Mutated IDH1 gene has novel enzyme activity consistent with cancer-causing gene: Study

Agios Pharmaceuticals today announced that its scientists have established, for the first time, that the mutated IDH1 gene has a novel enzyme activity consistent with a cancer-causing gene, or oncogene. This breakthrough discovery shows that the mutated form of IDH1 produces a metabolite, 2-hydroxyglutarate (2HG), which may contribute to the formation and malignant progression of gliomas, the most common type of brain cancers. This discovery appears to reverse the previously held belief that IDH1 was non functional for cancer-causing activity. It is also one of the first reported instances where a metabolic enzyme such as IDH1 is shown to play a role in cancer formation, in this case through altered metabolic activity.

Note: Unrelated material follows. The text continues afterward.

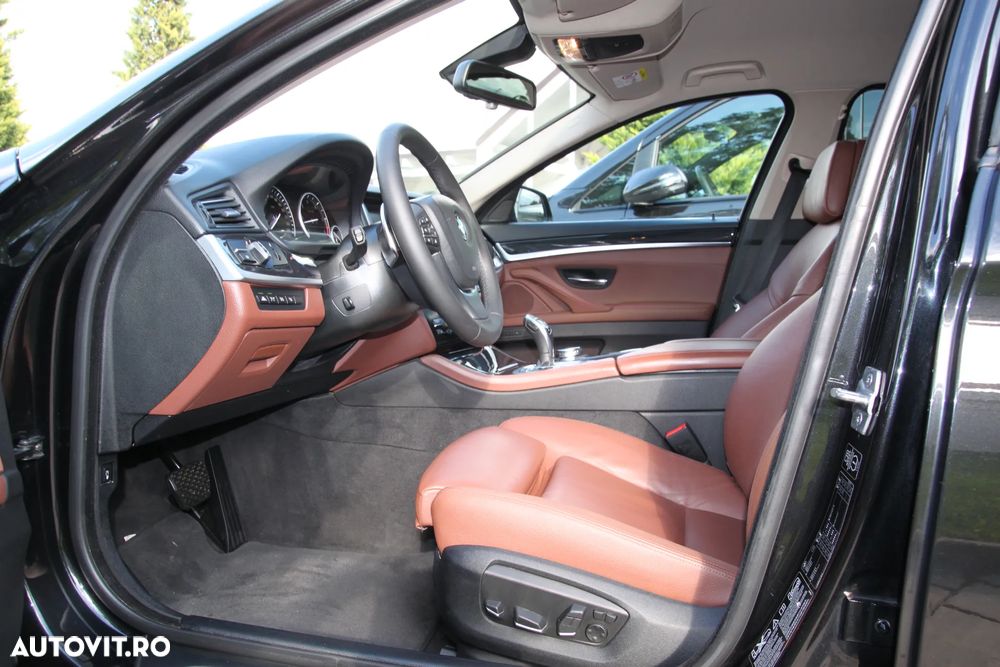 BMW Seria 5 530d xDrive AT - 34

This finding creates opportunities for therapeutic intervention in brain cancer and other cancers where IDH1 mutations are present using new drugs that can target the IDH1 metabolic pathway. The Agios research also identified an exciting new biomarker, 2HG, that could be used to develop an important diagnostic. The research was published on November 22 by the journal Nature, in a paper entitled “Cancer-associated IDH1 mutations produce 2-hydroxyglutarate (2HG)”.

“This groundbreaking work is profound for the field,” said Professor Lew Cantley, Ph.D., Director of the Cancer Center at the Beth Israel Deaconess Medical Center, a founder of Agios and a supporting author. “The team at Agios has demonstrated that what was previously considered an inactive enzyme is in reality an active oncogene and a potential therapeutic target. This has fundamentally changed our understanding of the field. Additionally, there is an easily measured metabolic biomarker, 2HG, that will help in the diagnosis and treatment of any related therapeutics that arise from this work.”

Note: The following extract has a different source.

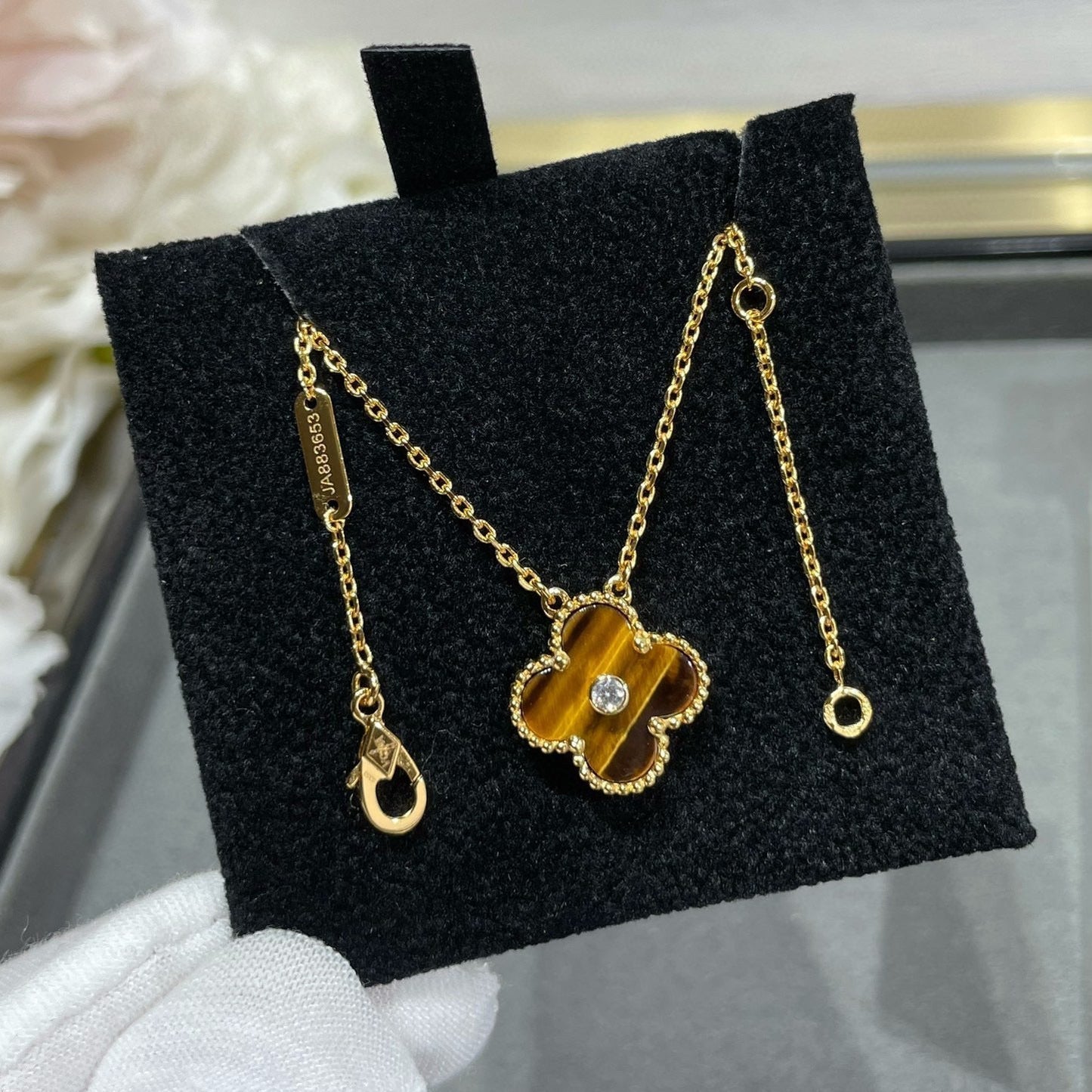 [⭐Glow]CLOVER 15MM DIAMOND AND YELLOW TIGER'S EYE AGATE necklace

Agios scientists uncovered the function of the IDH1 mutation by employing novel techniques in a new area of cancer biology called cancer metabolism, which focuses on studying profound changes in metabolic activity in cancer cells. Through a mix of large-scale profiling of hundreds of cellular metabolites, x-ray crystallography, and innovative enzymology, the Agios team demonstrated that a single amino-acid substitution in the IDH1 active site allows the enzyme to acquire an entirely new activity to produce the metabolite 2HG. Analysis of tumor samples of brain cancer patients with the IDH1 mutation revealed up to hundred-fold elevations in concentrations of 2HG, a metabolite that has been previously linked to the formation of brain cancer.

“Agios’ founding principles included the belief that targeting important metabolic pathways of cancers could make a fundamental difference in the treatment of the disease. Our IDH1 discovery is a great example of the power of the team and of our approach in targeting cancer metabolic pathways. In just four months, scientists at Agios unraveled very complex biology to advance a new understanding of gliomas and the role of IDH1 and corresponding biomarkers,” said David Schenkein, M.D., Chief Executive Officer, Agios. “We are able to do this by utilizing a unique approach of integrating deep biology and leveraging our proprietary platform for cancer metabolism research.

“We are looking forward to developing potential therapeutics specifically targeting IDH1 for patients with these devastating diseases, and to leveraging our unique cross functional approach to cancer metabolism research in order to discover insights into other targets and pathways,” added Schenkein.